Short descriptive text snippets:
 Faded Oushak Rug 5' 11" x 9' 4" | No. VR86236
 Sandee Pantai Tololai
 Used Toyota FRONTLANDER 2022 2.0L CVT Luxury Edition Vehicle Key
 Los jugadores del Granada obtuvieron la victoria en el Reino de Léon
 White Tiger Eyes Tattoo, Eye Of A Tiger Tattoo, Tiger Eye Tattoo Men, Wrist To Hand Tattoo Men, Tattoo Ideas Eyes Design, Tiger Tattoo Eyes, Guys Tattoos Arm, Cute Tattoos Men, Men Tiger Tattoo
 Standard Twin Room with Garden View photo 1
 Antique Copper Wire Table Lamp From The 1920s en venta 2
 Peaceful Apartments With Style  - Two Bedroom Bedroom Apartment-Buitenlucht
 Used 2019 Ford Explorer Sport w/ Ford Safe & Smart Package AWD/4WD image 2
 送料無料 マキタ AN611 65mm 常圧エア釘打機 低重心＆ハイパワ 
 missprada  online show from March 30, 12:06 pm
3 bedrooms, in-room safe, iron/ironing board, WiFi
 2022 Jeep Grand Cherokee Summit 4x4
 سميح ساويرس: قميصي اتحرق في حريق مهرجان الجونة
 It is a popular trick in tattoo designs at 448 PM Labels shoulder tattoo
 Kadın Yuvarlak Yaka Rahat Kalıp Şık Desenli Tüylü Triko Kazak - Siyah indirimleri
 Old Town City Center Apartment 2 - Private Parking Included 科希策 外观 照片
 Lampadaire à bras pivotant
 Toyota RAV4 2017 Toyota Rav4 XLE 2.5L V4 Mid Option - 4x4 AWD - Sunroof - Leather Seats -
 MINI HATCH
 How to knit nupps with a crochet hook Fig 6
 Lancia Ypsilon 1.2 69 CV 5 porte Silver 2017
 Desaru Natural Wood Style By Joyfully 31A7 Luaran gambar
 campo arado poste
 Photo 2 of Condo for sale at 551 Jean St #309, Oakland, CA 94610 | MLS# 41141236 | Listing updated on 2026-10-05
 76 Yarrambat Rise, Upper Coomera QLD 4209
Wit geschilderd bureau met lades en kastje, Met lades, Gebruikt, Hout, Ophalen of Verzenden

Work request:
Please repeat every entry, exactly as it was written.

Solution for this exercise:
 Faded Oushak Rug 5' 11" x 9' 4" | No. VR86236
 Sandee Pantai Tololai
 Used Toyota FRONTLANDER 2022 2.0L CVT Luxury Edition Vehicle Key
 Los jugadores del Granada obtuvieron la victoria en el Reino de Léon
 White Tiger Eyes Tattoo, Eye Of A Tiger Tattoo, Tiger Eye Tattoo Men, Wrist To Hand Tattoo Men, Tattoo Ideas Eyes Design, Tiger Tattoo Eyes, Guys Tattoos Arm, Cute Tattoos Men, Men Tiger Tattoo
 Standard Twin Room with Garden View photo 1
 Antique Copper Wire Table Lamp From The 1920s en venta 2
 Peaceful Apartments With Style  - Two Bedroom Bedroom Apartment-Buitenlucht
 Used 2019 Ford Explorer Sport w/ Ford Safe & Smart Package AWD/4WD image 2
 送料無料 マキタ AN611 65mm 常圧エア釘打機 低重心＆ハイパワ 
 missprada  online show from March 30, 12:06 pm
3 bedrooms, in-room safe, iron/ironing board, WiFi
 2022 Jeep Grand Cherokee Summit 4x4
 سميح ساويرس: قميصي اتحرق في حريق مهرجان الجونة
 It is a popular trick in tattoo designs at 448 PM Labels shoulder tattoo
 Kadın Yuvarlak Yaka Rahat Kalıp Şık Desenli Tüylü Triko Kazak - Siyah indirimleri
 Old Town City Center Apartment 2 - Private Parking Included 科希策 外观 照片
 Lampadaire à bras pivotant
 Toyota RAV4 2017 Toyota Rav4 XLE 2.5L V4 Mid Option - 4x4 AWD - Sunroof - Leather Seats -
 MINI HATCH
 How to knit nupps with a crochet hook Fig 6
 Lancia Ypsilon 1.2 69 CV 5 porte Silver 2017
 Desaru Natural Wood Style By Joyfully 31A7 Luaran gambar
 campo arado poste
 Photo 2 of Condo for sale at 551 Jean St #309, Oakland, CA 94610 | MLS# 41141236 | Listing updated on 2026-10-05
 76 Yarrambat Rise, Upper Coomera QLD 4209
Wit geschilderd bureau met lades en kastje, Met lades, Gebruikt, Hout, Ophalen of Verzenden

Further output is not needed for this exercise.